Singapore, certainly, must take
the problem more seriously than all of its neighbours in South-east Asia. With
15.5 per cent of its population above 60 this year, a proportion projected to
rise to 37.8 per cent by 2050, it is the most acute case. Only Thailand comes close,
behind by about 2 per cent currently. Those above 60 form a bigger population
segment in Japan, Hong Kong and South Korea, with all growing old at a
comparable speed. Other developed countries - the United States, Canada,
Australia, New Zealand and almost all European nations - have an even bigger
proportion of seniors than Singapore does.
This offers Singapore a chance to
learn from the experiences of such developed nations. UNFPA has summarised
necessary, if obvious, lessons: Prepare government, civil society, private
sector, communities and families for the inevitability of population ageing by
enhancing understanding, strengthening capacity, and implementing essential
social, economic and political reforms. In practice, Singapore copes in its own
way. It is trying to offset the declining ratio of workers to retirees with a
holistic combination of policy options - use foreign labour, enhance fertility,
raise productivity, encourage women and seniors to continue working, and so on.

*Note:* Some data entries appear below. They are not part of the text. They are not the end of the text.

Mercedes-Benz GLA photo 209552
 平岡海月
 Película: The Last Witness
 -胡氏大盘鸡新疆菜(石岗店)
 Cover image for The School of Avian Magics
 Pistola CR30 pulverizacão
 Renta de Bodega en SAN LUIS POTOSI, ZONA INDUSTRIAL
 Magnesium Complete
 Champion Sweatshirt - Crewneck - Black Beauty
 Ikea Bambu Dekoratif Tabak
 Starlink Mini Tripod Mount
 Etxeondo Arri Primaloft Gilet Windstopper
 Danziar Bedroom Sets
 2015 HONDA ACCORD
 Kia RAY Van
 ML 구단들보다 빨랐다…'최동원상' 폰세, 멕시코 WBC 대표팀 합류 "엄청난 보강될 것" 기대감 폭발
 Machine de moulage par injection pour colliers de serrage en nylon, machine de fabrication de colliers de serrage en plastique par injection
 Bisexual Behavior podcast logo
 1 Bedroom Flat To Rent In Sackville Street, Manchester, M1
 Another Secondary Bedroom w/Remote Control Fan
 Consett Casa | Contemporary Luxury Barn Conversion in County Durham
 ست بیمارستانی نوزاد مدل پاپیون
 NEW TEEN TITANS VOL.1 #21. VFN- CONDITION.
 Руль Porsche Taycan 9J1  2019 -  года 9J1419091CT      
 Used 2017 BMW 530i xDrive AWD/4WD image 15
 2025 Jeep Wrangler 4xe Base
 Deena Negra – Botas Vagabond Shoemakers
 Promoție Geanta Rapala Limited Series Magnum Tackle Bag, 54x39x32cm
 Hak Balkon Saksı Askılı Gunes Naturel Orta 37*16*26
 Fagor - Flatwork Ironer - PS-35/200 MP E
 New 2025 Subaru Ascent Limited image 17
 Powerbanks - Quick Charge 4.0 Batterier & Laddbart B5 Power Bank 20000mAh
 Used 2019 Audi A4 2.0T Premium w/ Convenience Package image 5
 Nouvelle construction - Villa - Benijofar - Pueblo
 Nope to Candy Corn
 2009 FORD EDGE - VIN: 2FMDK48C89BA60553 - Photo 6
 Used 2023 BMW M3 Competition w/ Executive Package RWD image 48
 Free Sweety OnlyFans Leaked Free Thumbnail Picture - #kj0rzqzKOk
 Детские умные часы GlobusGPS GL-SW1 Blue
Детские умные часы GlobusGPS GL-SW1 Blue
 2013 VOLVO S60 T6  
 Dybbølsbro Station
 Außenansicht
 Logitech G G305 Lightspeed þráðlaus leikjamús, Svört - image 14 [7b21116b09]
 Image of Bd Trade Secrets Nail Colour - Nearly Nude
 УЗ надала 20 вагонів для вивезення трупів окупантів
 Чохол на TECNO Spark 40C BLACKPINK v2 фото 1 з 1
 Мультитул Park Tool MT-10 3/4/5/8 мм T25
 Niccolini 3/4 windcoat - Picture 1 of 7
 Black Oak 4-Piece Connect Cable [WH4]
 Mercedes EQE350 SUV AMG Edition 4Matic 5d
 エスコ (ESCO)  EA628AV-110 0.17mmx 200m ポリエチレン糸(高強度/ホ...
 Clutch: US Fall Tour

UNFPA is realistic in assessing
that some of these steps "are not likely to compensate for population
ageing". The disappointing response to Baby Bonus incentives suggests that
"the scope for increasing fertility is also only limited", as it
noted. Immigration measures that succeed in attracting foreign talent have led
to unhappiness over overcrowding, higher prices, and social integration issues.
Yet, unlike Japan, which has the
world's oldest population, Singapore has not refrained from tapping immigrants
to make up the labour shortfall. Japan seems unlikely to change mindsets to
embrace diversity that immigration brings, and abandon exclusionary notions of
ethnic homogeneity - at least not by 2050, when it will have lost a third of
its 127 million population.
Tough choices await Japan,
Singapore and other countries. If a silver glimmer is to appear as the world
swiftly ages, a change in public attitudes will be critical.